The entropy considered here is a property of the generator, not that of one particular bitstring that it outputs.
Entropy further can be defined for the total output of a generator, or per output bit. In cryptography we measure the entropy in bit, so that it is 1 bit per output bit for an ideal uniform True RNG.
For any Pseudo RNG, the whole output is predictable from design, parameters and seed, hence the entropy in the whole output is limited to the entropy in what generates its seed, which is finite. And the entropy per output bit decreases to zero as the output size increase towards infinity.
the Mersenne Twister(MT) has high entropy.
No, because it is a PRNG (see above).
the MT is also predictable.
Yes, with enough output, and little computing power.
What's the relationship between entropy and predictability?

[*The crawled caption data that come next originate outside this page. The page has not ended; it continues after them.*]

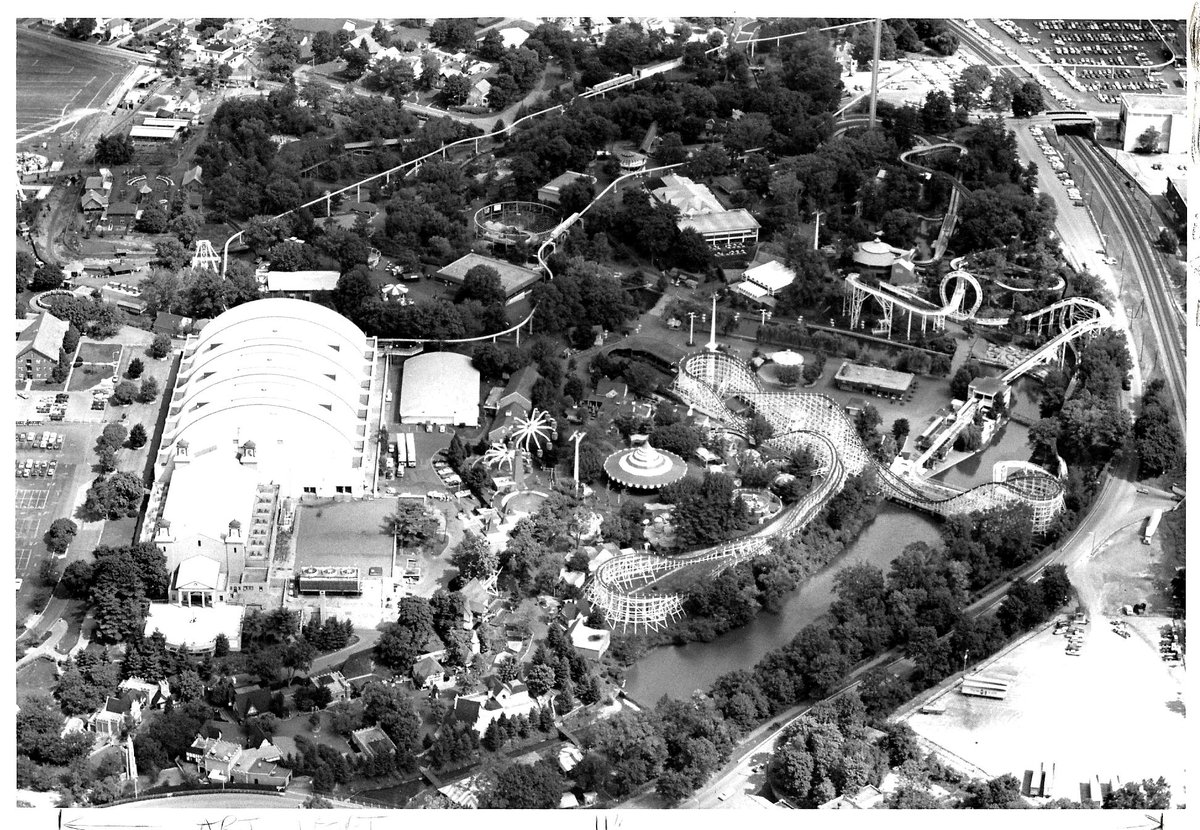 Disney Lovers at Hersheypark! tweet media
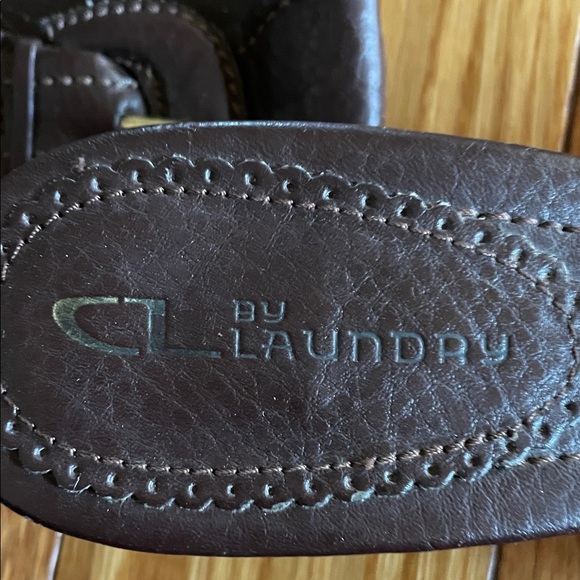 CL by Laundry Chocolate Buckle Heels size 8 - Picture 2 of 4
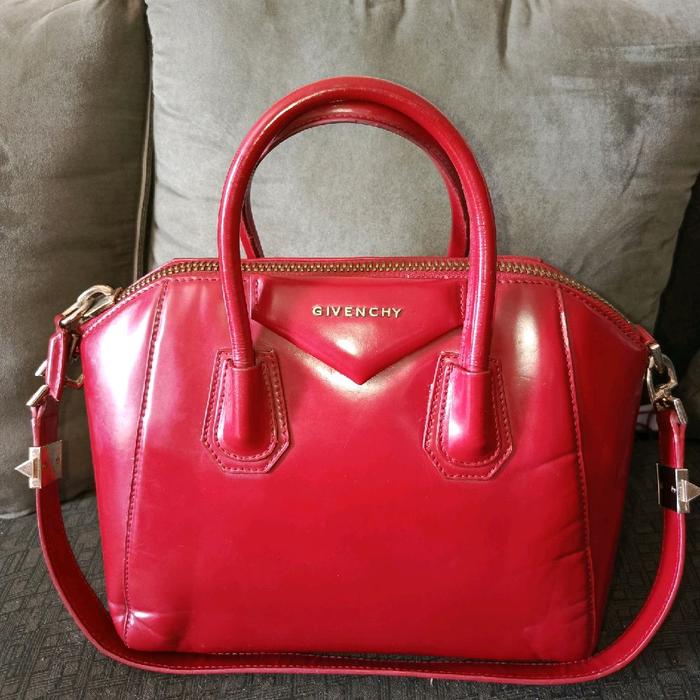 Givenchy Tas Tangan Wanita Merah Maroon Marun Antigona Mini dengan Desain Elegan dan Tali Bahu yang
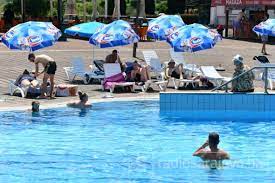 Ljeto je doba intenzivnog kupanja na bazenima: Ovo su koristi, ali i rizici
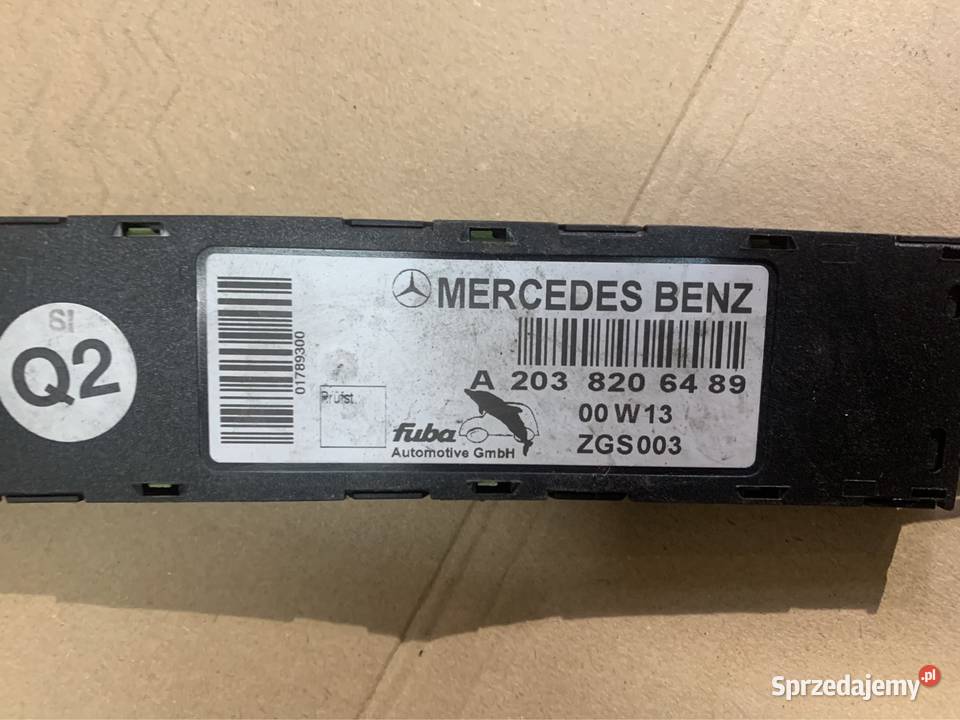 2038206489 Wzmacniacz anteny antena mercedes c Rok produkcji 2002 sprzedam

If a bitstring generator has the property that it's full output is predictable from a finite length prefix (as is the case for MT), then this generator has finite total entropy (bounded by said finite length in bits for Shannon entropy in bits), and vanishingly small entropy per output bit.

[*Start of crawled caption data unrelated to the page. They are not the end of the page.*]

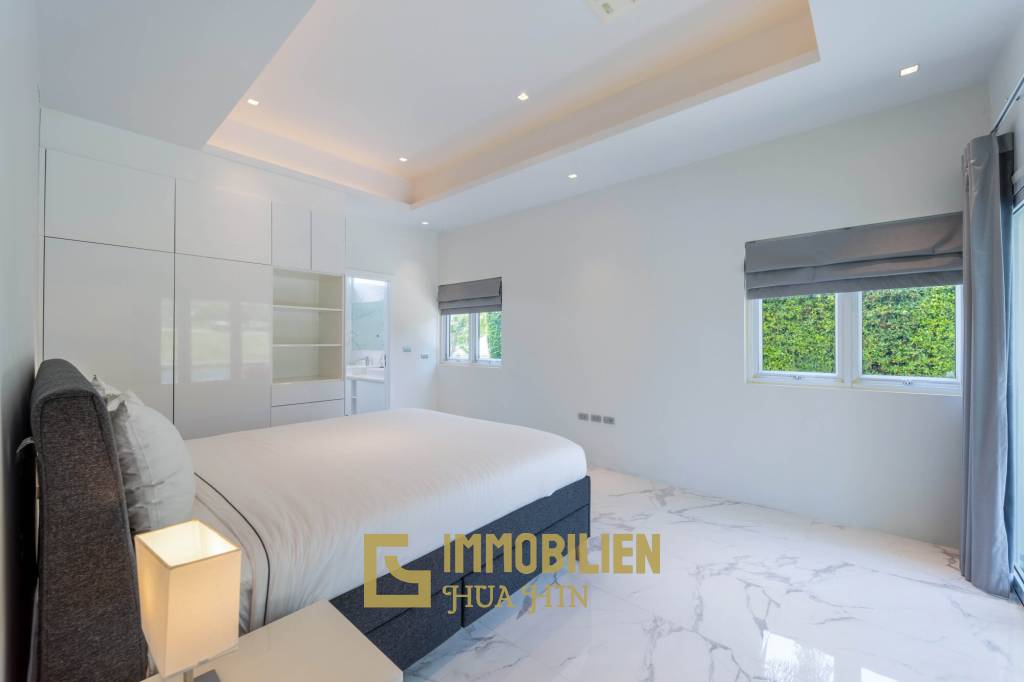 Black Mountain Golf Platz: 3 Schlafzimmer Luxus Pool Villa mit atemberaubender Aussicht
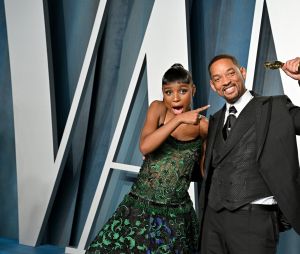 Saniyya Sidney et Will Smith, avec son oscar de meilleur acteur, au photocall de la soirée "Vanity Fair" lors de la 94ème édition de la cérémonie des Oscars au Wallis Annenberg Center for the Performing Arts dans le quartier de Beverly Hills, à Los Angeles, Californie, Etats-Unis, le 27 mars 2022.  2022 Vanity Fair Oscar Party in Beverly Hills, Los Angeles, California, USA, 3/27/22. 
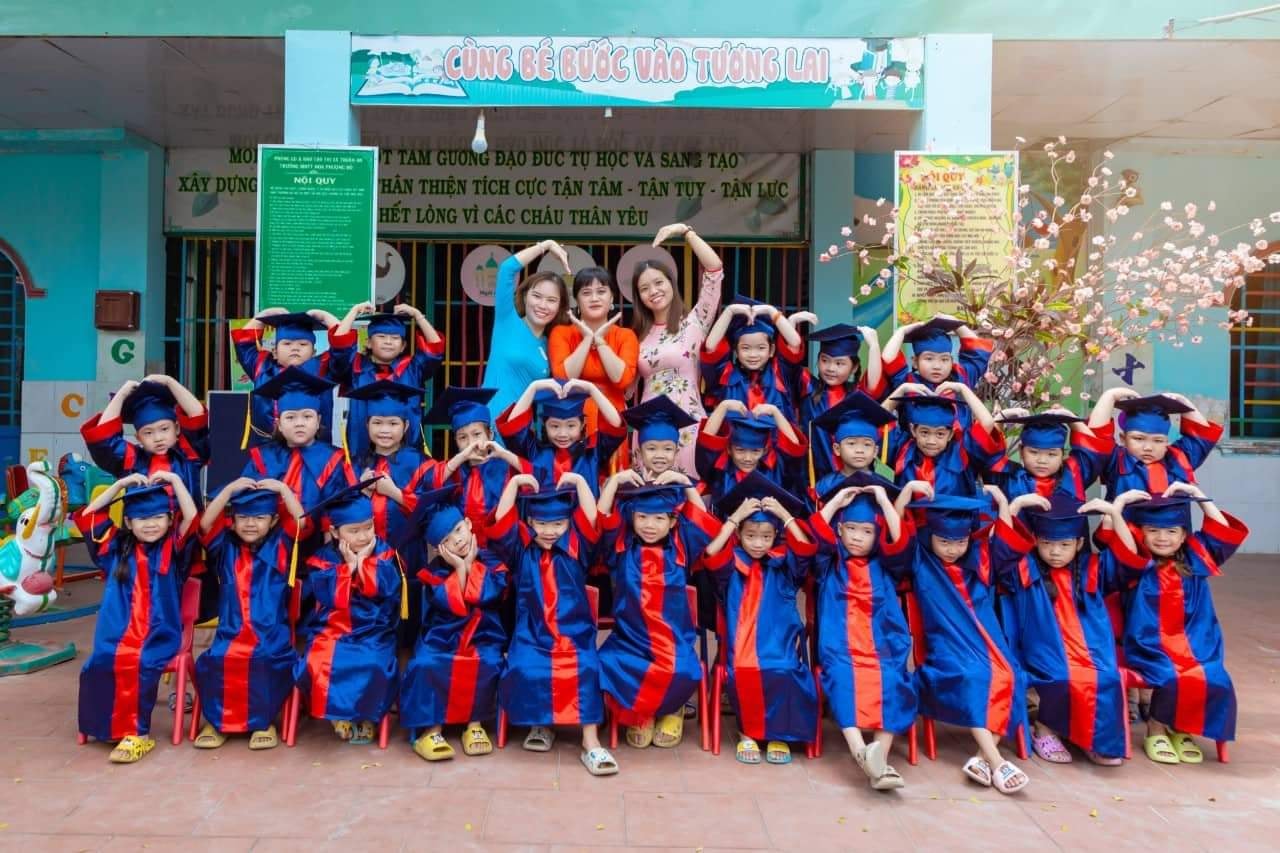 Trường mầm non hoa Phượng Đỏ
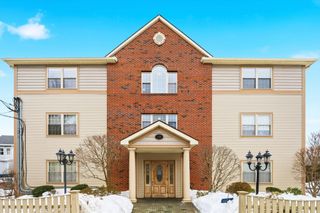 590 Boston St 303, Lynn, MA 01905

The converse is false for practical definition of (un)predictable. In particular, there exist practical Cryptographically Secure PRNGs (thus of finite total entropy) that are practically unpredictable.
To make things quantitative: consider a generator $G$ of arbitrarily long bitstrings. Note $G_b$ that generator restricted to its first $b$ bits. $G_b$ is susceptible to generate $2^b$ different $b$-bit bitstrings $B$ with respective probability $p_B$ (possibly $0$ for some $B$), with $1=\sum p_B$ (the sum being over $2^b$ terms $B$). $G_b$ has Shannon entropy in bits $$H(G_b)=\sum_{B\text{ with }p_B\ne0}p_B\,\log_2\left(\frac1{p_B}\right)$$ and its average entropy per bit is $H(G_b)/b$.

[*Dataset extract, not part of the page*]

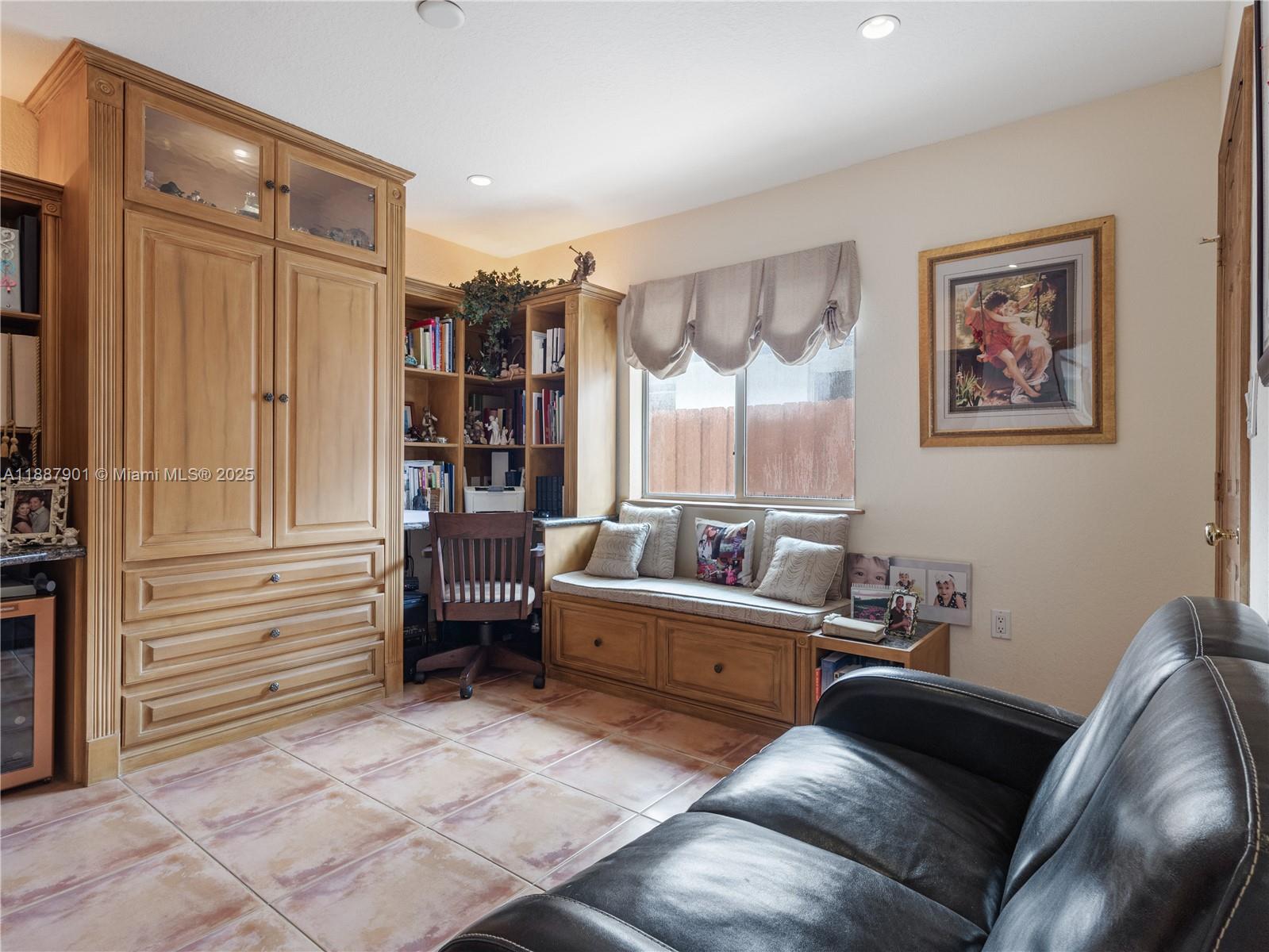 MC KEEVER TERR NO 3 - Residential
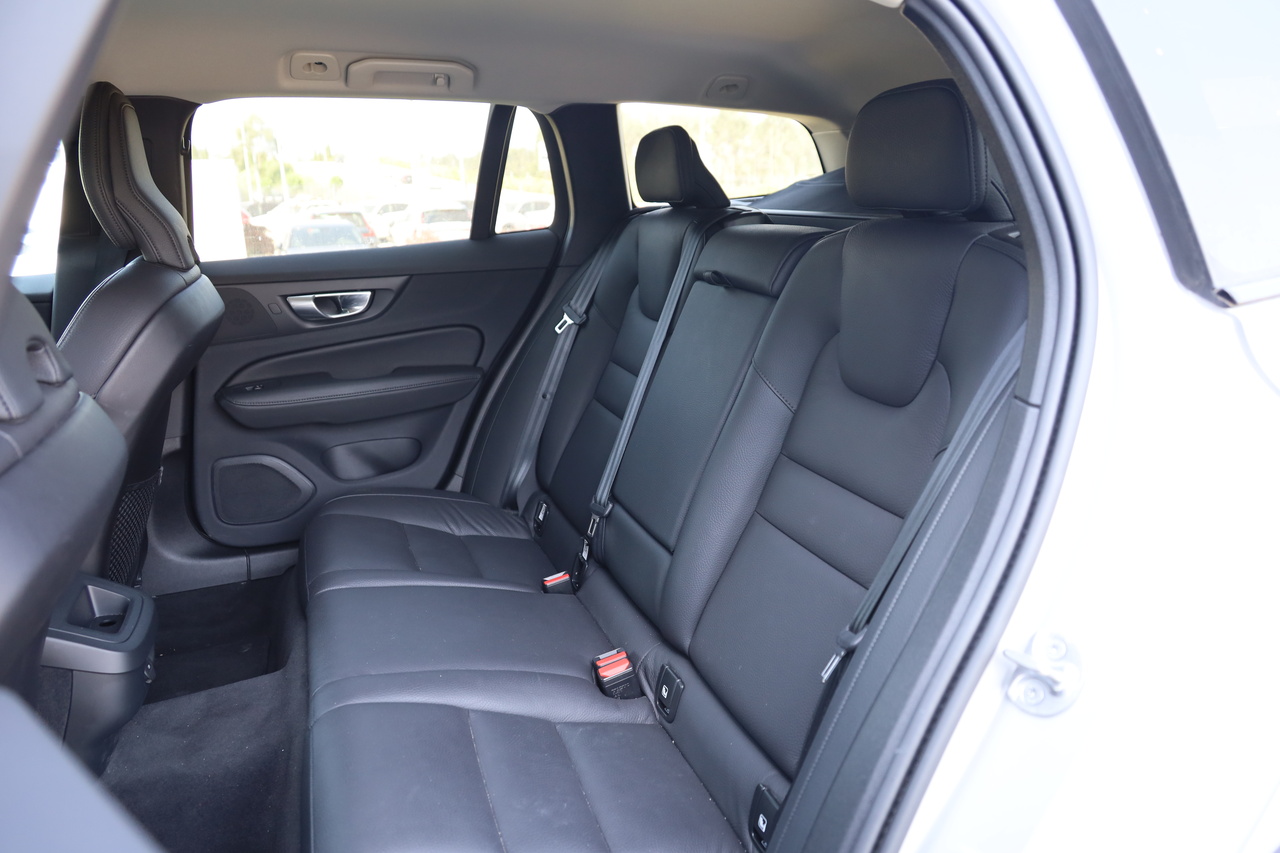 V60 B4 Hibrido Gasóleo Core AWD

For an ideal TRNG (which output is uniformly random independent bits), and any $b$, all $b$-bit bitstrings are equiprobable with $p_B=2^{-b}$ and it comes $H(G_b)=b$.
For any PRNGs with $s$-bit seed (per any distribution), $H(G_b)\le \max(b,s)$. The entropy of the generator's whole output is $H(G)=\displaystyle\lim_{b\to\infty}H(G_b)$. That is maximal with $H(G)=s$ when all seeds generate different outputs and the seed is uniformly random.
For the entropy of a bit string to be meaningful, it must have been chosen in some particular random or partially-random process which had a certain probability of producing that exact string, and a certain probability of producing something else. The entropy of a string is then, roughly(*), the negative log of the probability that the process that produced the string, would have done so. Thus, if some process generates a string which has 8 bits of entropy, that means that the process would have had a 1 in 256 chance of generating that particular string.
(*) There are a variety of ways of measuring entropy, but for most purposes they're close to each other that a simple approximation can be reasonably close to all of them.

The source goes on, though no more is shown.